A document co-authored by Swedish online gambling trade association BOS and industry market intelligence firm H2 Capital has urged regulator Spelinspektionen to rethink wagering restrictions designed to counter sports manipulations.
It was submitted to Spelinspektionen as part of the regulator’s stakeholder consultation on safeguarding Swedish sports integrity and protecting Swedish sports from manipulation.
The consultation launch followed the publication of draft Spelinspektionen proposals seeking to prohibit bet-types on individual athlete performance and match events (yellow cards, penalties, violations) – proposals directly contested by BOS.
Spelinspektionen has justified the bet-type restrictions as a means of ‘comprehensively ensuring’ that no professional athlete could be influenced to manipulate a sports outcome based on individual performance.
Publishing a 28-page document detailing research and insights by H2 Capital, BOS has refuted this justification as a measure that is counterproductive to building up the strength of the Swedish gambling framework and its channelisation to licensed operators.

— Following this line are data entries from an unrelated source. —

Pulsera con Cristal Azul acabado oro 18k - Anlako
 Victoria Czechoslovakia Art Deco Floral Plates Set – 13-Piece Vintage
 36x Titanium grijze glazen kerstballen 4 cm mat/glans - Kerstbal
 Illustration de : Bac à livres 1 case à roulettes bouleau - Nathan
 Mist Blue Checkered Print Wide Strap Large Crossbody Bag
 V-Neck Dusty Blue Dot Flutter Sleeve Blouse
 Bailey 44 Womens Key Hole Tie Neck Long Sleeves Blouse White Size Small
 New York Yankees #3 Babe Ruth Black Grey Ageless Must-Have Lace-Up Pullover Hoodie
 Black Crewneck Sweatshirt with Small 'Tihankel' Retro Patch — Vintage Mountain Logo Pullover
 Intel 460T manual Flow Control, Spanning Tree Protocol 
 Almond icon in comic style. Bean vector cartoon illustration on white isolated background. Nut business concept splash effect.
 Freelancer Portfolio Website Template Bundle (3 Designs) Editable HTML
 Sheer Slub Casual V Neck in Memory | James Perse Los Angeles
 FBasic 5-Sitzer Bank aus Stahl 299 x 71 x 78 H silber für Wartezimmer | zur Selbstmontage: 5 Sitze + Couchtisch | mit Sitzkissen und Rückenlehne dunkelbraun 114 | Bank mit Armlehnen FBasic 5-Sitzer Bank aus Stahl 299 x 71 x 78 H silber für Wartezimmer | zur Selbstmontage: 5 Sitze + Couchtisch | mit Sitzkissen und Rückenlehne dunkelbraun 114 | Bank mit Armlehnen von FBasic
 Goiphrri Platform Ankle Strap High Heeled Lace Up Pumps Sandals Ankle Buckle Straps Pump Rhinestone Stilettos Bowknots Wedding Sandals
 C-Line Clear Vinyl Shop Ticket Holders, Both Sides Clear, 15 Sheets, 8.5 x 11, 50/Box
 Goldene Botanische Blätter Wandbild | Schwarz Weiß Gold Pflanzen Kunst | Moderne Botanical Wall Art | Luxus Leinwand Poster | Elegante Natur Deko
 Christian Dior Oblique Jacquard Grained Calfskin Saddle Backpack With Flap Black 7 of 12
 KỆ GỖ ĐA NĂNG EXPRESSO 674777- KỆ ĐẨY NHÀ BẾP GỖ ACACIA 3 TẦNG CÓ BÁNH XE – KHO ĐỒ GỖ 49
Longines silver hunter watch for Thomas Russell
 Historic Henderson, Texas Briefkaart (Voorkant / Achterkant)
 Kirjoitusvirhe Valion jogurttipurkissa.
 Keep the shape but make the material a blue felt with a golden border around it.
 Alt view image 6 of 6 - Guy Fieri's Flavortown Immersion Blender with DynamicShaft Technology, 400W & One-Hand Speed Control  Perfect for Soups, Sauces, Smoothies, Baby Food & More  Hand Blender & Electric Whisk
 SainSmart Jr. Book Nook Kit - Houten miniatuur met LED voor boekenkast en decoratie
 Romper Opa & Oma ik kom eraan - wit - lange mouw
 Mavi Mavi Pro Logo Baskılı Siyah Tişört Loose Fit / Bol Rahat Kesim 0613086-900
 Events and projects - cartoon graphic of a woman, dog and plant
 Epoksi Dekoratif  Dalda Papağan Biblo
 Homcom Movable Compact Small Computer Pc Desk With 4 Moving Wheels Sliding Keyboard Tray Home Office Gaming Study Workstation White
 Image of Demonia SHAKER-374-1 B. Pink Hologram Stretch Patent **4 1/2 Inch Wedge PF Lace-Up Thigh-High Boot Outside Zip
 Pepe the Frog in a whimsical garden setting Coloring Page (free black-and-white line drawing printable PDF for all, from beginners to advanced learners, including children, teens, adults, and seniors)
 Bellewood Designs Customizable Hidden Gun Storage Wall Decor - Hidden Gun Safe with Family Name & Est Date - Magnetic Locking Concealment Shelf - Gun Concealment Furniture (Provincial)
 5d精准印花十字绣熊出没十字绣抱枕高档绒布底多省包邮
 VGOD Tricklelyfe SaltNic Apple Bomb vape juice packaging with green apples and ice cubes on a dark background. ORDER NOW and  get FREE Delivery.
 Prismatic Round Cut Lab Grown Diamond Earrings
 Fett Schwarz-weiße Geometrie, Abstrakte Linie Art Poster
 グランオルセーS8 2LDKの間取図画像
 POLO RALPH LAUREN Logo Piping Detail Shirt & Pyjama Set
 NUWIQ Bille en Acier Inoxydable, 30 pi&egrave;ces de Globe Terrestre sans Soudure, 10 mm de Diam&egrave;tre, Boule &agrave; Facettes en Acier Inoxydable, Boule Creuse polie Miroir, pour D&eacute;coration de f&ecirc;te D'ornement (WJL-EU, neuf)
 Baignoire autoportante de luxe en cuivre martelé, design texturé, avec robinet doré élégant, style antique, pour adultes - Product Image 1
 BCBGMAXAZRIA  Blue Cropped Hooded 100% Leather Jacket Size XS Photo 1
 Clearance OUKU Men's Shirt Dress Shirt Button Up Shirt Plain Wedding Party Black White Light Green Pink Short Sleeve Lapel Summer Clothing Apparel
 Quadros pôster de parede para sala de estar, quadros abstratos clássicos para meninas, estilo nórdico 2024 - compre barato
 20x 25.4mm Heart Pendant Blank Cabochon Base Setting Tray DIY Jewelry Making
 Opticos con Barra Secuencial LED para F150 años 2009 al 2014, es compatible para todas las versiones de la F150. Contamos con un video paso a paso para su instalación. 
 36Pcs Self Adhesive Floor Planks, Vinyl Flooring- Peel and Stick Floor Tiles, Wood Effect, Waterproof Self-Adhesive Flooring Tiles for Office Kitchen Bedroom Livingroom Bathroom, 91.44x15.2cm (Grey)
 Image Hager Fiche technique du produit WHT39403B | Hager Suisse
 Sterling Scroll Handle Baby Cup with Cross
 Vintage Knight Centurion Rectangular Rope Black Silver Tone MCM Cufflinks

“Whilst these restrictions are targeting areas that appear most vulnerable to manipulation, the industry’s concern is that restricting licensed operators from offering wagers on these products will merely shift the wagering offshore where there is no integrity oversight,” said BOS as part of its document outline.
Drawing on H2 Capital analysis and insights, BOS has therefore drawn key conclusions which Spelinspektionen must address as Swedish gambling’s regulatory authority.
It has urged the regulator to undertake a ‘macro-level’ view of regulating Swedish sports wagering, in which the ‘optimal solution in preserving sports integrity’ is led by licensed operators working with specialist integrity associations to monitor potential match-fixing cases.
The ‘regulatory logic’ of bet-type restrictions on licensed operators is questioned, as Spelinspektionen would be stifling its own market binding channelization strategy.
The BOS report added: “Analysis of the impact of these regulations implies a -7.5% decline in onshore GGR and a +30% increase in offshore GGR for commercial online operators. This translates to a -5.9 percentage point decline in the channelling rate to 75% of GGR from commercial operators onshore.”
Representing regulated Swedish incumbents, BOS underlined that although athlete performance wagers remain relatively small, if restricted they could serve as a trigger to promoting unlicensed actors.
Further BOS concerns relate to the wagering restrictions creating an imbalanced legislative framework as the laws formulated will only apply to Spelinspektionen licensing system, thereby making it harder to prosecute actual bad actors in terms of manipulating sports
Should Spelinspektionen continue with its draft proposals, BOS expects the regulatory authority to seek approval and oversight of its provisions by relevant EU authorities.